The idea was to give the youngsters of the area a feel for village arts of Bengal. “Durga puja to all of us has a very cosmic energy to it,” she says, but points out that “it is not really religious terminology but cultural terminology.” This is when Bengali communities settled outside of their native region seize the chance to introduce their children to the great poets and art forms of Bengal, through performances and competitions organised alongside the puja.
But Delhi is a cosmopolitan city and so these ideas are extended to the larger community of public school educated youngsters. For weeks now, the Boses’ apartment has been a camping site for Akshay, Deepanshu, Sumit, Prateesh, Indu and Simran, besides their daughter Drishty — all students of the College of Art. These young artists, some of whom are pursuing their Masters in Fine Arts and others their Bachelors, have been creating paintings either replicated from famous works of Jamini Roy (such as ‘Parvati and Ganesha’) or using his style to create new works (like the woman with a conch). The paintings are mounted and hung around the pandal. For the arch around the bedi, where the idol is placed, they have painted Kalighat Patachitra motifs, some traditional and some mixed with their own creativity. A similar arch has been readied for the stage where performances will take place.
Deepali does not call herself a practising artist but for the past three decades has been teaching fine arts, both at home and at reputed public schools of the Capital. And we know what they say about ‘once a teacher…’. She has expounded the theme of Dipanwita’s pandal starting from the village art of Kalighat Patachitra and connected it to Jamini Roy, since, she points out, “Jamini Roy is the only painter who is most influenced by Kalighat Patachitra.” Of course he distilled it into his own style, and you can’t get simpler than Roy’s lines. “He is our Picasso,” she avers.
“We are expecting around 700 people per day,” says Shamul, a Dipanwita member, who remarks that although ambitious, their budget is small compared to some other pandals in the city and the total expenditure has been limited to within Rs.36 lakhs.

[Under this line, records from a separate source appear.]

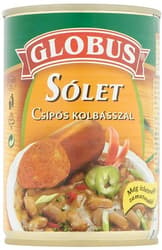 Globus sólet csípős kolbásszal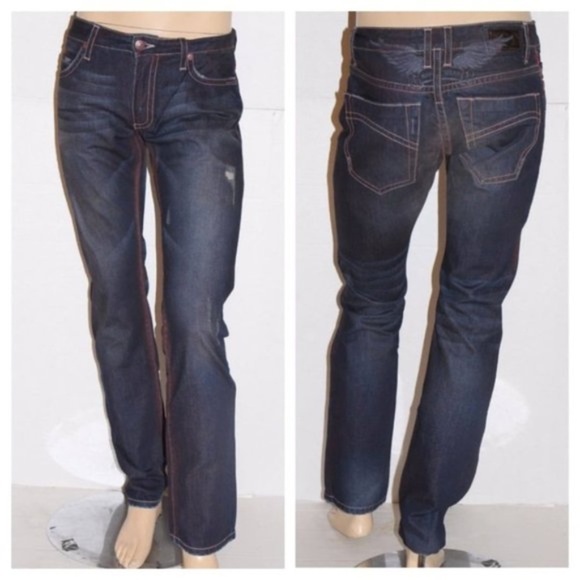 New ROBIN'S JEAN Marlon Slim Straight Jeans SZ 40 - Picture 1 of 8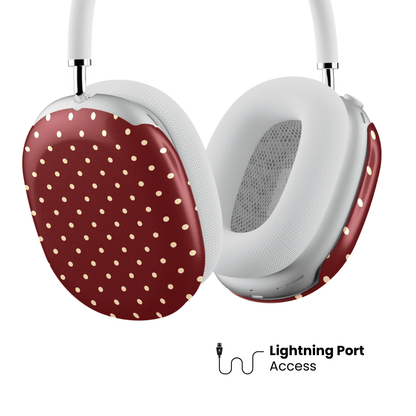 Burgundy Dot AirPod Max Case - Blunt Cases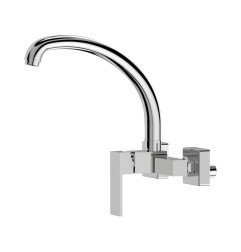 Grifo monomando de cocina caño alto empotrado serie getaria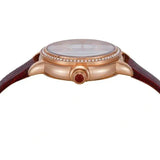 Emporio Armani Mia Mother of Pearl Dial Red Leather Strap Watch for Women - AR11646 Authentic Buy Shop Now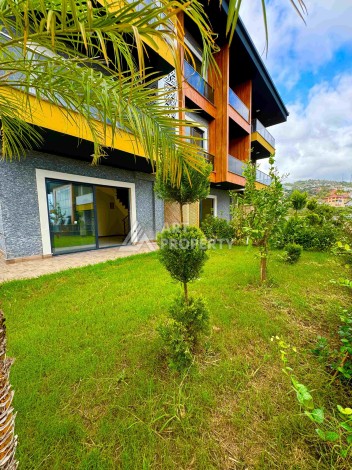 Двухуровневые апартаменты 2+1 и 3+1 с садом и террасой в центре Алании, Буюкхасбахче. - Ракурс 90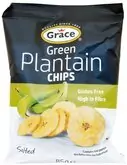 Grace Bezlepkové chipsy zo zelených banánov plantain solené 85 g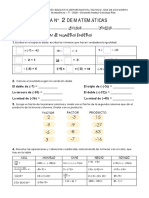 2° Guia MATEMATICAS SEPTIMO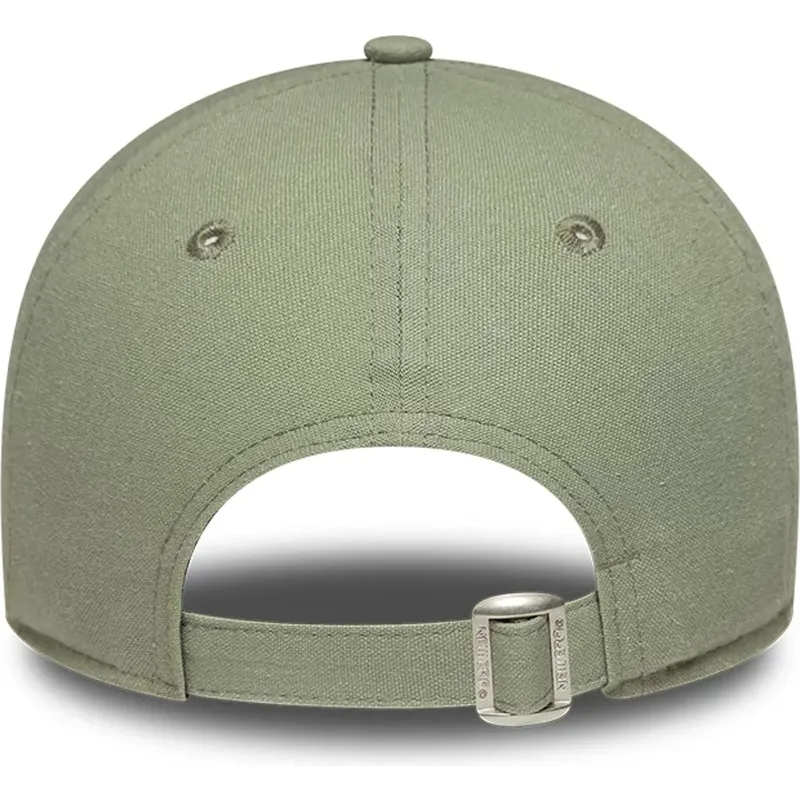 petten-gebogen-groen-verstelbaar-9twenty-midi-linen-van-los-angeles-dodgers-mlb-van-new-era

Elaborating on the theme, the association’s general secretary Jayanta explains, “We called it Mrinmoyi this time, which means ‘Earthly Mother’.” That goes with the village ambience, with thatch being used as decoration around the pandal as well. Jayanta, referring to the instructions given to the idol maker Subir Pal, continues, “Typically she is portrayed as the killer of the demon (Mahishasura). This time the asura will be surrendering to her.”